もちろん彼の北海道好きは見る・乗るだけにとどまらない。ジンギスカン、魚介類、菓子、果てはトドやらシカまで食い、地酒を飲み、スキーをやるかと思えばアイスバーンでハンドルを握る。「サッポロクラシック」といっても東京の人はご存じないだろうけれど、北海道では殊の外人気の高いビールなのだが、彼は「クラシックが一番うまい」と言ってのける。あろうことか道内ローカルの深夜番組に抱腹絶倒し、しまいには物真似までやりだす始末。まさに彼の心は道民だ。東京で坊主などやらしておくのは勿体ない。
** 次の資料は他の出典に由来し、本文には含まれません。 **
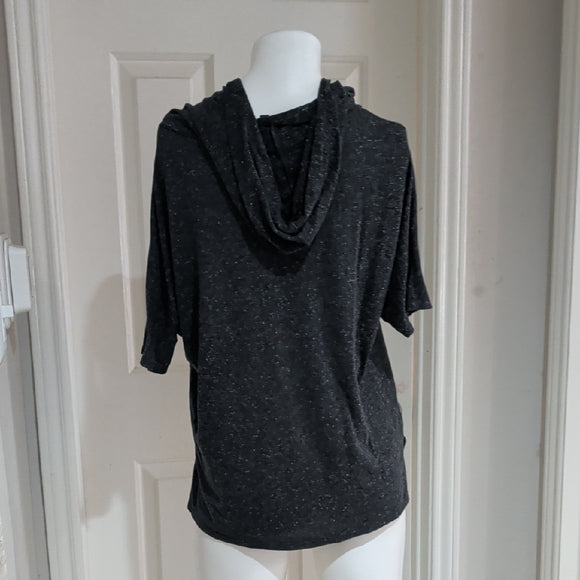 Victoria's Secret Dark Gray Hooded Top Short Sleeve Women's Large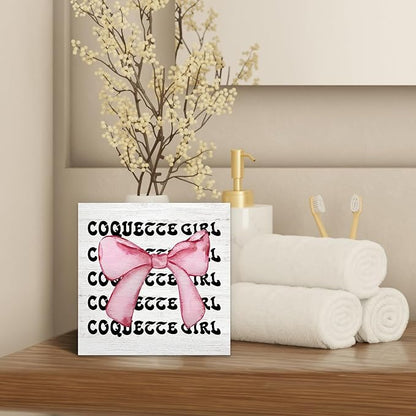 Coquette Room Decor Wood Box Sign Desk Decor, Pink Trendy Bow Decor, Preppy Aesthetic Girly Wooden Block Sign Decorations for Girl College Dorm Bedroom Wall Tabletop Shelf Decor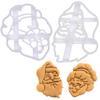 BAKERLOGY Set of 2 Santa Claus Cookie Cutters - Detailed Biscuit Cutter Design for Baking and Crafts, ideal on fondant, dough, clay view 1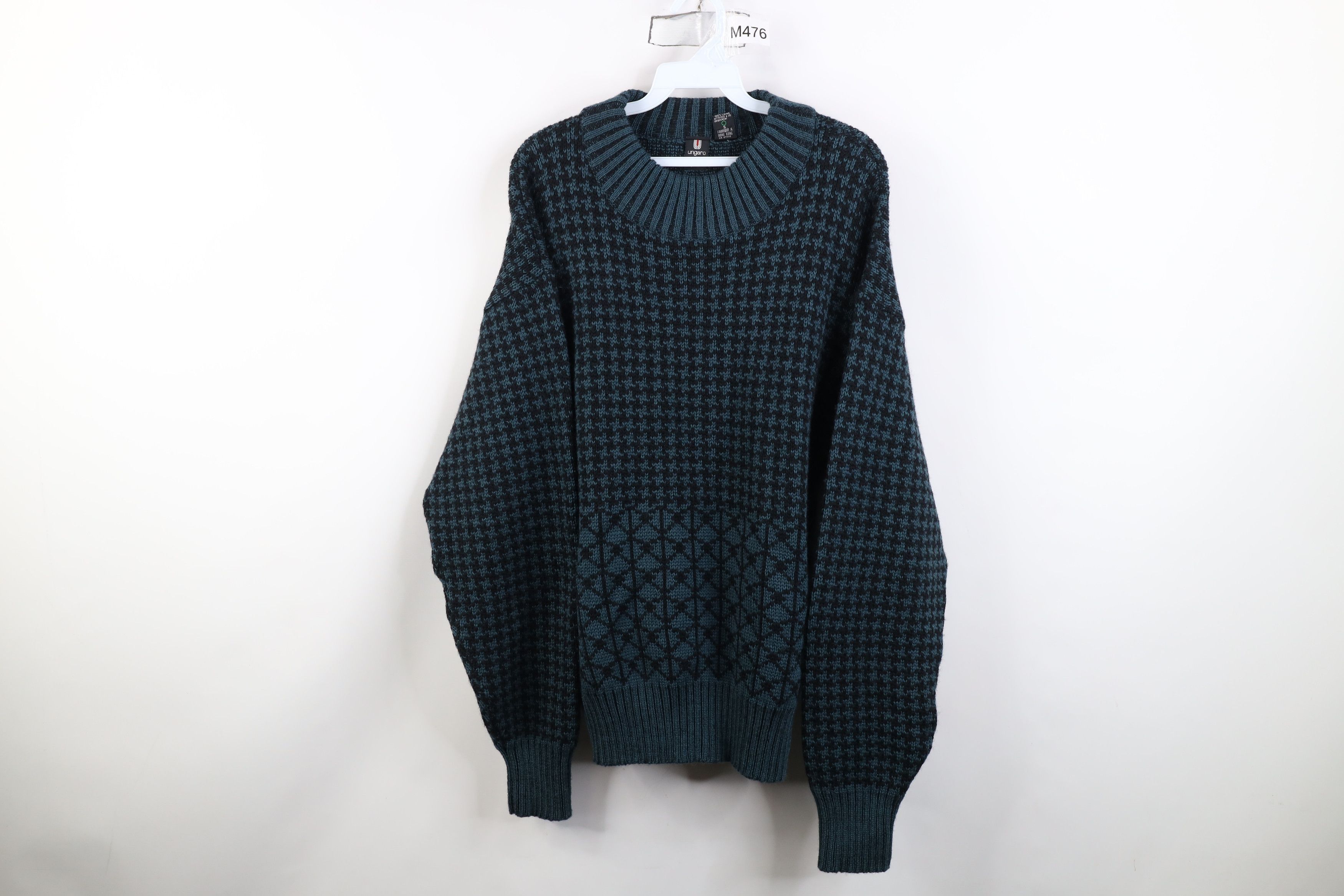 Vintage Vintage 90s Streetwear Wool Houndstooth Mock Neck Sweater Size US S / EU 44-46 / 1 - 1 Thumbnail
読者諸氏は、上記長々と連ねた彼の広角レンズの所業がなお一層事細かに、ときに叙情を伴って旅行記全体を形成していることを夙にご理解のことと思う。インプットもアウトプットも深く広い。観察眼だけでも、文章構成能力だけでもこうはならない。両者を具有して、さらに思い入れを添加してはじめてこれだけの旅行記として公開されている、そのことを思うたびに彼の視野の深さと広さ、文章を読ませる能力と並べて北海道への想いを感じずにいられないのだ。
さて、どうして彼はこんなに北海道贔屓になってしまったのだろう? 彼の御母堂様はしばしばデパートの「北海道博覧会」で道内名産品をお求めになると聞いたことがあるので、遺伝・成長環境の影響も大きいのかもしれないが、彼は「北海道ノート'98」にこう書いている。
僕にとって、北海道はあこがれの地だった。旅行好きのくせに、初めての北海道は4年前、大学生になってからだった。しかも、わずか3泊4日。そして2度めの、つまり今回の旅行計画をたてるまでに、3年もかかってしまった。
これは、僕の心の中の北海道が神聖な地であるからに他ならない。そんな土地にしょっちゅう行くことは許されないからだ。だが、そうは言っても行きたいものは行きたい。理屈抜きにして行きたい。
…それ以来毎年欠かさず「聖地巡礼」してきた彼。いや、2001年に至っては4度もの渡道を果たしているのだ。最初のうちこそ「神聖な土地にしょっちゅう行くのは許されない」というような書きっぷりだが、そんな初志を忘れてしまったのか、それとも「理屈抜きにして行きたい」という引用後段の境地に至ったか…彼の師たる御釈迦様は「琴は糸を張りすぎれば切れ、たるんでいては音がよくない」と極端を戒め中道を行くのがよいと説いたというが、去年の彼は罰が当たるのでは、と心配になるほど北海道漬けだったわけだ。
そして2000年のまえがき。
2度や3度行ったところで、北海道を理解したと言えるのだろうか?・・・と、ゴタクを並べるとキリがない。行きたいから行く。これで十分なのではなかろうか。そう、僕は「行きたいから」という理由で、北海道に行くのである。
言うに事欠いてこの有様、と捉えるか、まさにこれこそ真髄、と捉えるかを議論し始めたらきりがないが、そうして何度も北海道を訪れるたびに、彼は「神聖な地」の森羅万象を一層強く感じ、信仰を深めてきたように見えてならない。だから、わたしにはただひとつ「愛することに理屈は要らない。そして愛し続ける限り愛は育ち続ける」としか申し上げられない。
こんなにまでに愛した北海道と、彼は「北海道ノート」終了をもって訣別するつもりなのだろうか? それは絶対にできないはずである。彼がこれっきり北海道に行かないわけはないし、行けばまた必ず何か見聞きし、体験し、それを書き残すに違いないとタカをくくっている。
私事ながら、この春わたしは4年ぶりに東京に舞い戻ってきたのだが、彼が「連載(!)」を終えると聞き、わたしが転居したばかりに彼の足場が奪われたからではないかとさえ思ったものだ。わたしはまだ、「書くのが苦痛になる前にやめようと思ってさ」と笑う彼の知らない北海道の姿をいくつか知っているし、もちろん住んでいたわたしですら知らない北海道がまだあるだろう。わたし自身、彼にそれを見せてやる前に東京に戻ってきたことを心苦しくさえ感じている。
この場を「つづく」と締めくくったら「もう書かないってば」と叱られるかもしれないが、彼のその目は笑っているに違いない。そう遠くない将来、彼は自らの愛を確かめるために再び津軽海峡を渡ることになるだろう。何しろ筋金入りの北海道好きなのだから。